I told him to stop. I said no. I said please. He would take his hand out of my pants after several moments of my insistence, but it kept managing to snake it’s way back down there. Every time, it was the same. I would protest and, temporarily, he would grudgingly comply, until he decided again that I didn’t really mean my protestations.

One time, when we were just first dating, he asked me how to know when he should stop. I told him that it he did something I didn’t like or didn’t want him to do, I would tell him. He said okay. But when it came down to it, he didn’t listen.

After it happened, he apologized over text, citing what I had said when we first started dating about letting him know when I was uncomfortable. I felt guilty, and sad, and hollow, and dirty, and I didn’t know why. I think if I had known, I wouldn’t have forgiven him so easily, simply warning him not to do it again.

I didn’t realize what exactly had happened until months after the fact. I was reading Full Frontal Feminism by Jessica Valenti (great book) and I came across a definition of sexual assault. I realized that the incident with my ex-boyfriend fit the definition of unwanted sexual contact. More importantly, I realized that the weight on my shoulders and the uneasy feeling in my stomach had a valid reason for plaguing me. I realized I FELT like a victim of sexual assault.

I felt violated, and by someone I had trusted.

We broke up after that happened, but before my epiphany, because he was an unsupportive jerk with the inability to listen. He doesn’t know that I think he’s a predator, a source of fear and anguish. I want him to know, though. I want everyone to know, because it could happen to any girl or woman. After all, it happened to me, and what am I? A well-to-do, privileged, white, cisgendered straight person. I’m not the sort of person people think this happens to. But my gender identity, my sexuality, my race, or socioeconomic class don’t matter. It doesn’t matter that he was my boyfriend, that I had consented in the past or that I would consent again in the future. I said no. And no doesn’t mean anything but NO.

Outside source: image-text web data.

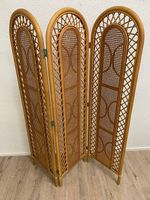 Vintage Boho Paravent aus Rattan und Wiener Geflecht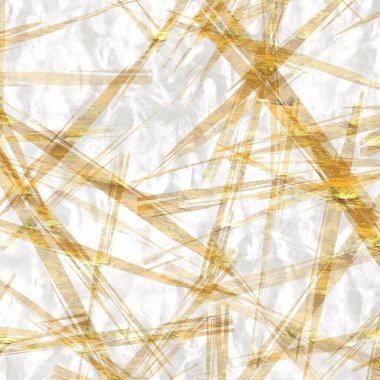 Altın metalik el yapımı pirinç kağıdı dokusu. Pürüzsüz washi tabakası ve bulanık altın metal pulları. Modern düğün dokusu, zarif kırtasiye ve asgari Japon tarzı tasarım unsurları için..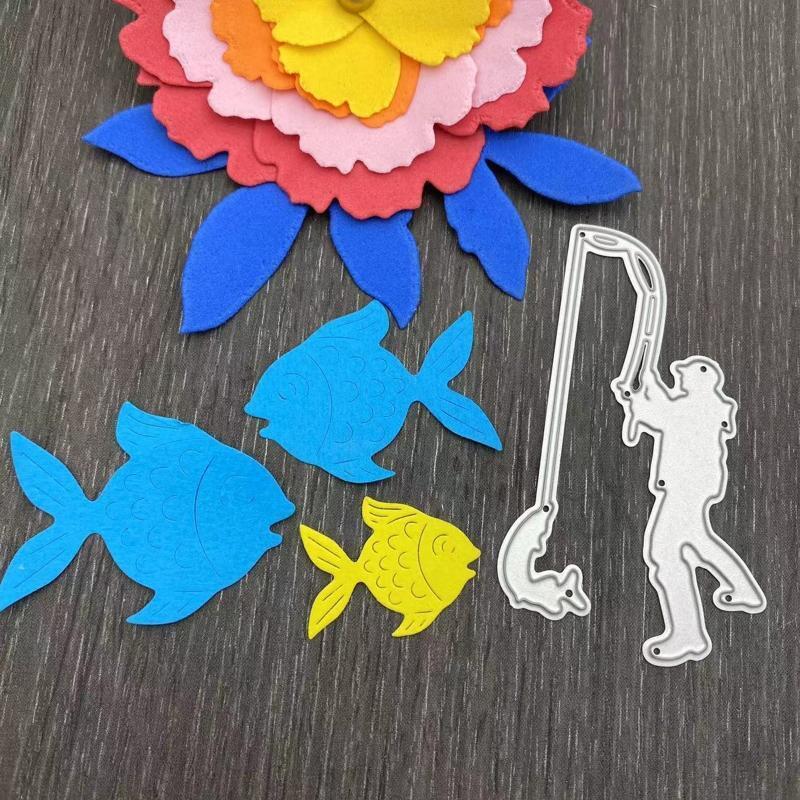 Fishing Metal Cutting Dies Stencil DIY Scrapbook Album Paper Card Template Mold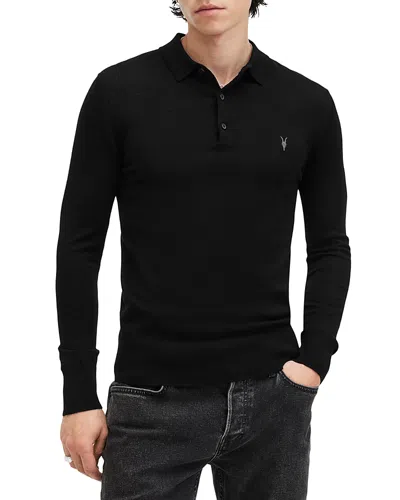 ALLSAINTS MODE REGULAR FIT MERINO WOOL LONG SLEEVE POLO SWEATER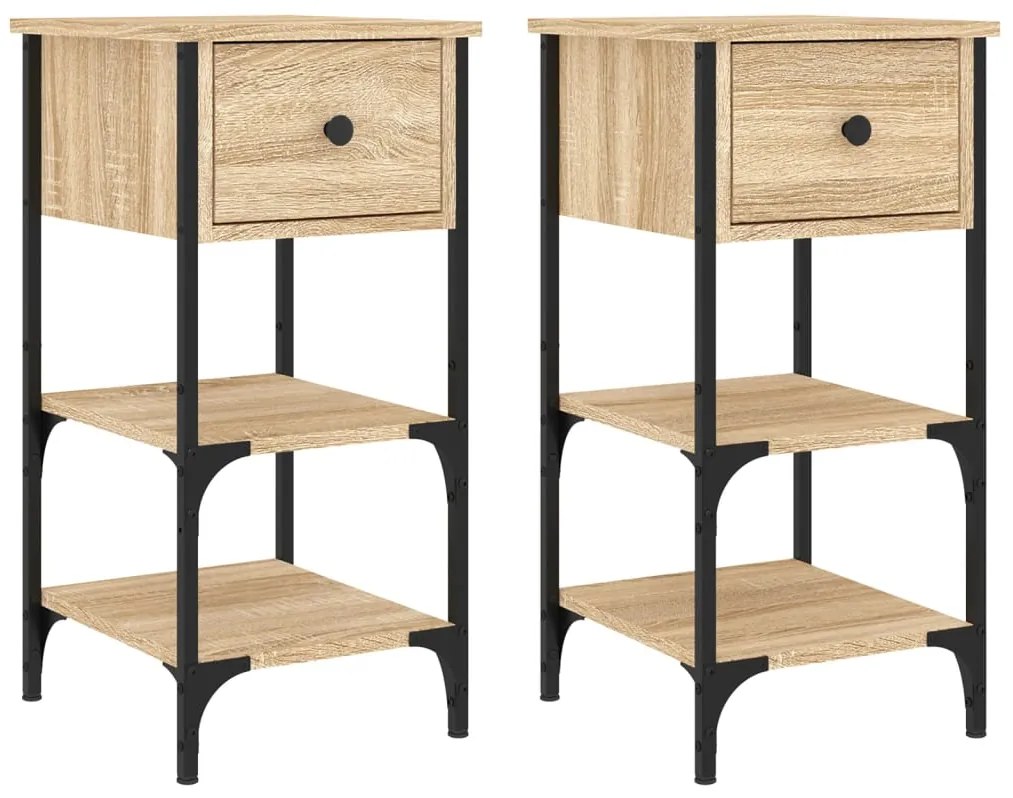 vidaXL Κομοδίνα 2 τεμ. Sonoma Δρυς 34x36x70 εκ. από Επεξεργασμένο Ξύλο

I am a victim of sexual assault. It hurts me. But it is what it is. All I can do is move on, deal with it, and try to help others deal with their experiences as well. I have no animosity towards him. Just sadness. Just a sense of defeat. Just a hollow ache inside of me. I don’t think he realized the severity of his actions, or how they affected me. He didn’t mean any harm. It’s no excuse, but to me, it’s enough reason not to press charges. I hope I can someday have to courage to inform him of what he did to me. To let him know that it was wrong and he should never do it again. Perhaps once I’ve healed a bit. I just hope he doesn’t hurt anyone else in the interim.